Will broadband providers throttle femto backhaul traffic?

I've heard a couple of suggestions at the Avren Femtocell conference in London over the last 2 days that a key part of the business model is that "the customer pays for their own backhaul". I've also heard various suggestions that laptop 3G traffic (dongle or embedded) might be offloaded onto the femtocell & fixed broadband.

Where this falls down is in situations where the broadband provider and the femtocell provider are different companies. So perhaps Orange femtos linked to BT ADSL, or AT&T femtos on Comcast cable.

There are two issues here:
  • Extra traffic load for the ISP
  • Competitive or net-neutrality arguments about value transiting "my pipes".

(a third issue - how the mobile operator gets QoS on 3rd-party broadband, is also involved).

Now if the femto traffic is just "best efforts" mobile voice being offloaded, I wouldn't expect most of the broadband providers to worry about the incremental traffic load. But if it's 3GB a month of "dongle" traffic from a PC, going to a mobile broadband provider, that's a different issue. In that case, I'd expect to see traffic-shaping being used, perhaps throttling femto traffic to 100kbit/s or whatever level is applied to other bandwidth-hogging services like BitTorrent.

The competitive argument is a trickier one, and will vary according to markets. In countries where all the main operators have both fixed and mobile arms, any attempt by one to unilaterally block (or charge for) another's femto traffic could lead to a nuclear-style "mutually assured destruction" scenario.

But in other markets where there are dominant ADSL or cable providers that don't have mobile arms, I'd expect some to become pretty aggressive about their femto traffic-management policies. It's not as if it's hard to spot femto backhaul traffic on the network, as it goes to a fixed IP address of the gateway & will have a recognisable profile.
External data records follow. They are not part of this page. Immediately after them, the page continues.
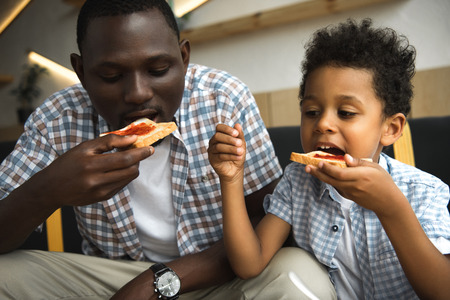 father and son eating toastsの写真素材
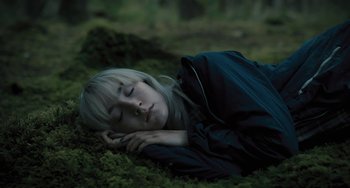Movie still from “How I Live Now” (2013), directed by Kevin Macdonald – A woman is laying on the ground with her eyes closed; Medium shot, High angle
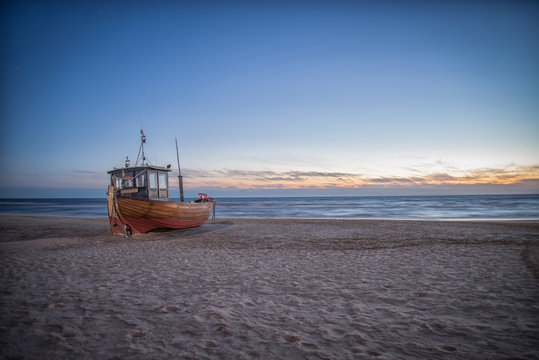 Fischerboot am Strand im Sonnenaufgang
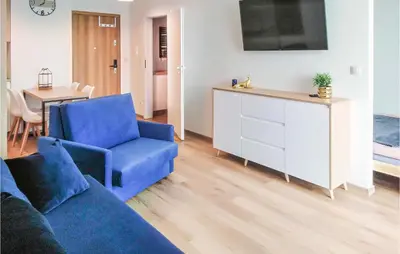 a living room with a blue couch and a table at 1 Bedroom Amazing Apartment In Zator in Zator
We may see some broadband ISPs attempt to negotiate with mobile operators to guarantee QoS on their lines, for a a price. Some may even return some proportion of cash to the end user, so they don't end up "paying the operator's backhaul costs".

2 comments:

Anonymous said...

I really dont see femto-cell technology taking off with consumers unless its sold as a phone and broadband package together and priced appropriately. Why would I want to pay for an extra "router" as an add-on to my existing ADSL package with another provider just to improve home mobile-phone coverage? And then only to find I then have to pay further or use up my download allowance on the broadband connection for any calls. Its just not going to fly in that way.
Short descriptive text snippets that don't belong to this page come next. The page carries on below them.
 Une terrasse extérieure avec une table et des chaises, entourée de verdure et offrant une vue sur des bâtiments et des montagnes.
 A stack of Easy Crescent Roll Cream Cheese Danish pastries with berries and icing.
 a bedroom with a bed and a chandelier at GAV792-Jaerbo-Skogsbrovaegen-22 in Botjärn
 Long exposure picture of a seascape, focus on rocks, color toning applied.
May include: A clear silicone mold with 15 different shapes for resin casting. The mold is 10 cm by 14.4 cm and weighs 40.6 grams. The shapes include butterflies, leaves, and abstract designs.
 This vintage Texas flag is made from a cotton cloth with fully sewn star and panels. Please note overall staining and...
Sell me it as a combined ADSL and mobile phone package with cheaper calls at home and you'll be more likely to have me as a consumer - even with an initial fee for the equipment.

ADSL/cable and mobile from the same company seems to be the way I would expect it to work with less hassle.

Dean Bubley said...

In theory, combined broadband + femto/mobile seems to make intuitive sense, I agree.

However, the likelihood of that type of bundling being accepted by consumers will vary strongly depending on where you live.

In the US, where most people have a choice of only 1 or 2 broadband providers, everyone uses cable TV, and there is patchy coverage for mobile, I can see bundles making sense.

Other places like the UK are much more tricky. There are perhaps 30 broadband ISPs, 5 mobile operators, cable only in some areas, 1.6 mobile subs/person, lots of prepay mobile and a prevalance of satellite-based digital TV. Bundling and "family plans" are much less attractive.

Also, much depends on whether the femto proposition is about home coverage for phones, or for 3G data devices. Again, in much of the world outside the US, the driver is macro offload of 3G data at 2.1GHz, not just voice-at-home.